═══ GIVEN RECORDS
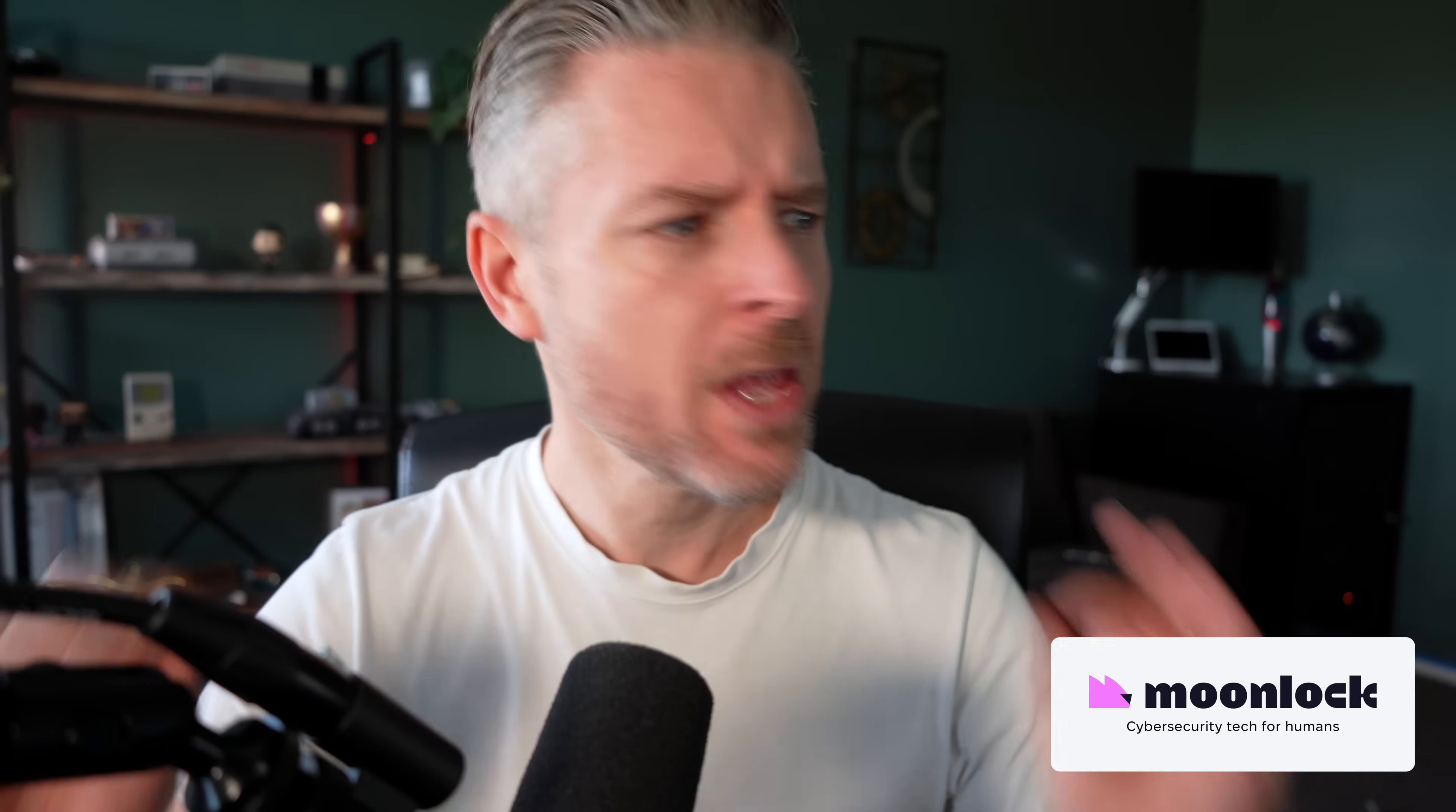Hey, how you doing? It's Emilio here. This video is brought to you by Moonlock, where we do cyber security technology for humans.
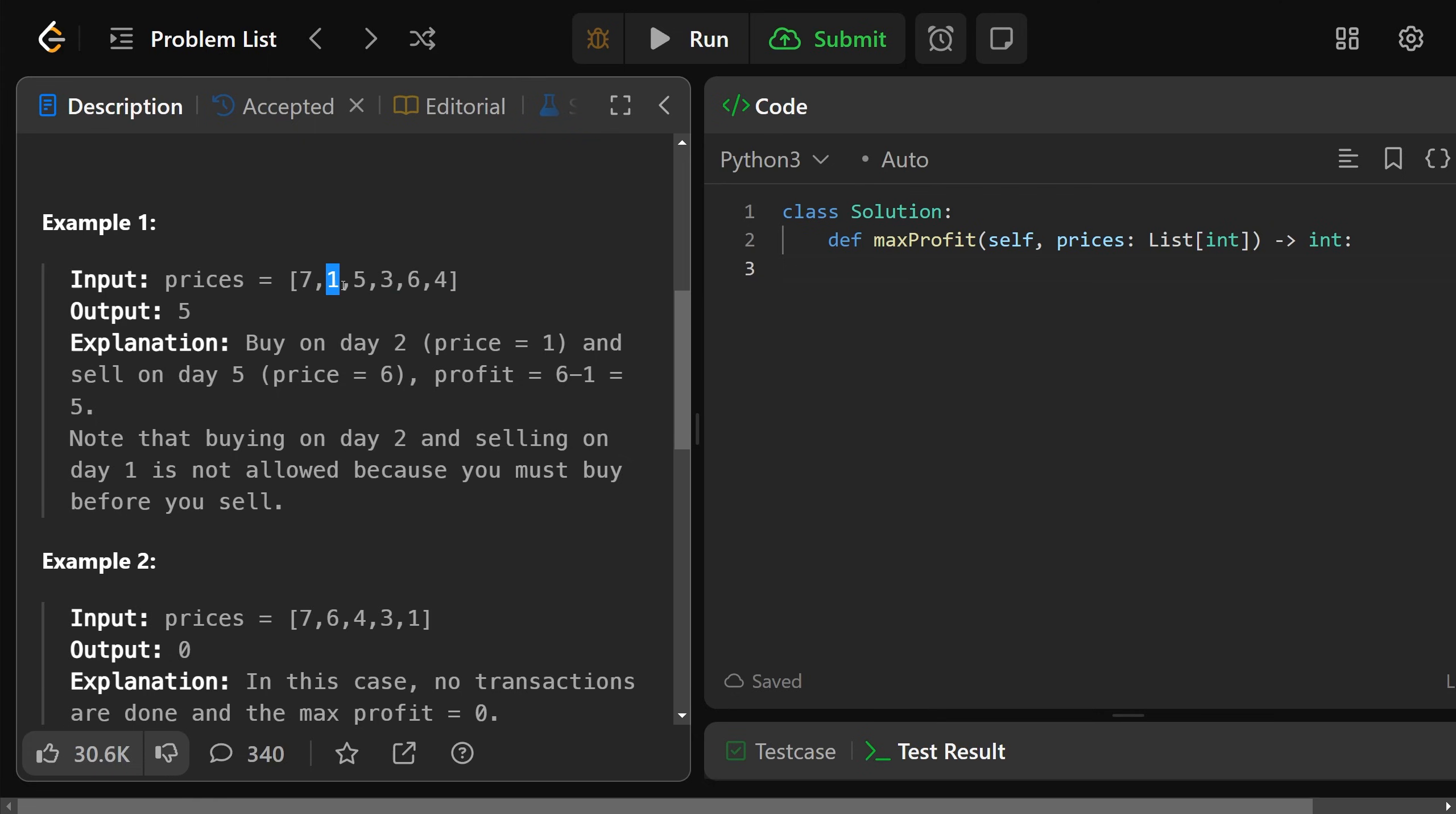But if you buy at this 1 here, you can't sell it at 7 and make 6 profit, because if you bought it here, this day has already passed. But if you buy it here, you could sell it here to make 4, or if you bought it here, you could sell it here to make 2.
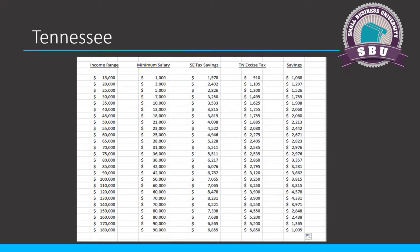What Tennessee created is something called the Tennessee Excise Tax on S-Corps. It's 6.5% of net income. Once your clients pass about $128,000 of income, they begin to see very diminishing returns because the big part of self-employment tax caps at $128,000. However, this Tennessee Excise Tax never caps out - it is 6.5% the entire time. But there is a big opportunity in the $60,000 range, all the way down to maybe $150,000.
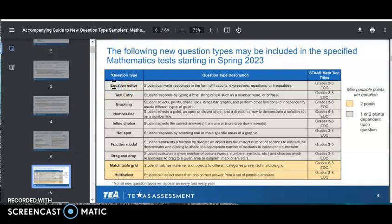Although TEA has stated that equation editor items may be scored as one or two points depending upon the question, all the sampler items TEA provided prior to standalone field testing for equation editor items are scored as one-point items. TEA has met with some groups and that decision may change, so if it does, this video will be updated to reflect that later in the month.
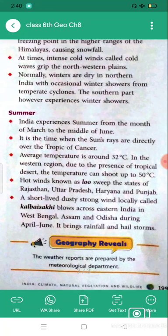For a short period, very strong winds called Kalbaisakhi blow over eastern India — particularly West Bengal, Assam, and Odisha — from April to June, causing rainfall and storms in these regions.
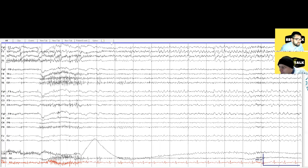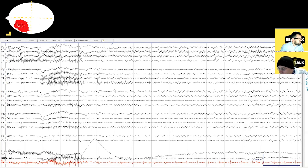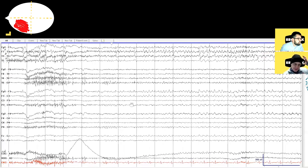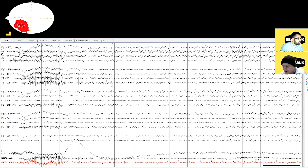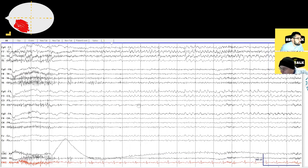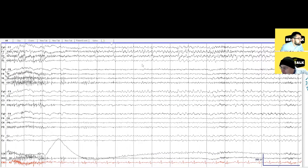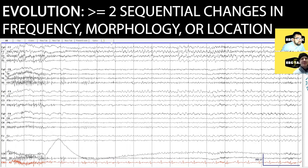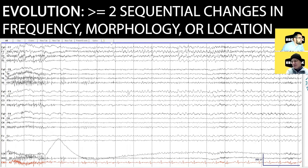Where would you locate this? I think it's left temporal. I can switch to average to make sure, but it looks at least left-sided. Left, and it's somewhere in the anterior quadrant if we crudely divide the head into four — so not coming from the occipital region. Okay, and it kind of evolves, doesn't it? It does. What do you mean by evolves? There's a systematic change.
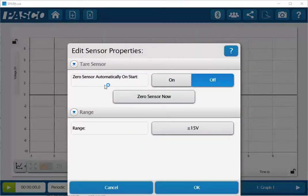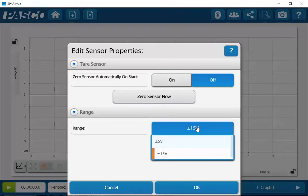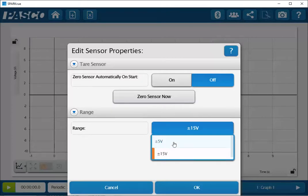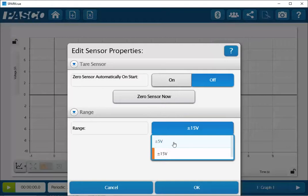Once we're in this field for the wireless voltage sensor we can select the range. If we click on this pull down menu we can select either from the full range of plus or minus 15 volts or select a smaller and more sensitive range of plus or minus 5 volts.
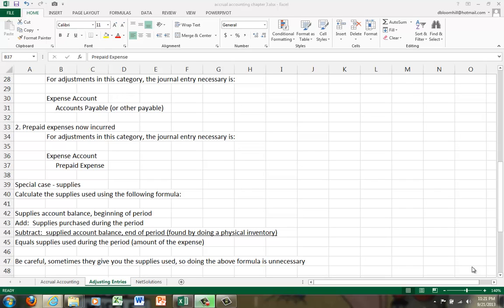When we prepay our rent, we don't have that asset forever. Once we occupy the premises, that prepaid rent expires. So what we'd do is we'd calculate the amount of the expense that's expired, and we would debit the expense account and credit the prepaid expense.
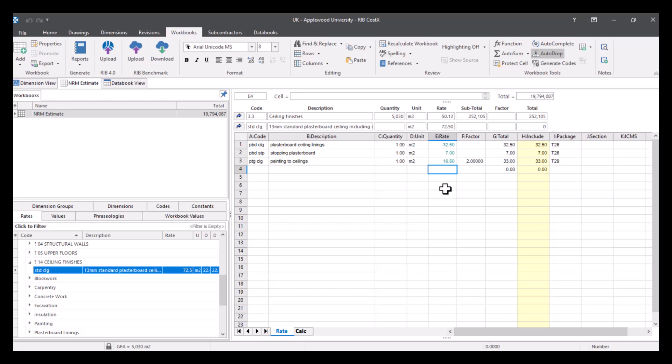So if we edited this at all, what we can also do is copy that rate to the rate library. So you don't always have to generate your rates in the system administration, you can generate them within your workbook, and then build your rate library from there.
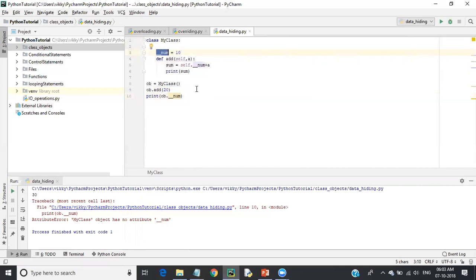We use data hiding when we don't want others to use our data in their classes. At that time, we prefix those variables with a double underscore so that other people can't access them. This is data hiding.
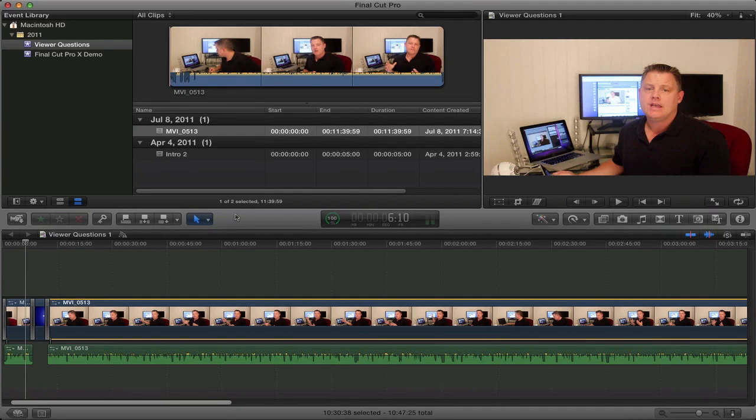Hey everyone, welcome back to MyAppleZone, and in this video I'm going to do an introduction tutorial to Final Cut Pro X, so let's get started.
══════
DESCRIPTION OF THE TASK:
When you reach the line that has "Where would you" in the data above, start repeating lines exactly, and stop after the line that has "Once we're in"; pictures stay out.

PROBLEM SOLUTION:
Where would you locate this? I think it's left temporal. I can switch to average to make sure, but it looks at least left-sided. Left, and it's somewhere in the anterior quadrant if we crudely divide the head into four — so not coming from the occipital region. Okay, and it kind of evolves, doesn't it? It does. What do you mean by evolves? There's a systematic change.
Once we're in this field for the wireless voltage sensor we can select the range. If we click on this pull down menu we can select either from the full range of plus or minus 15 volts or select a smaller and more sensitive range of plus or minus 5 volts.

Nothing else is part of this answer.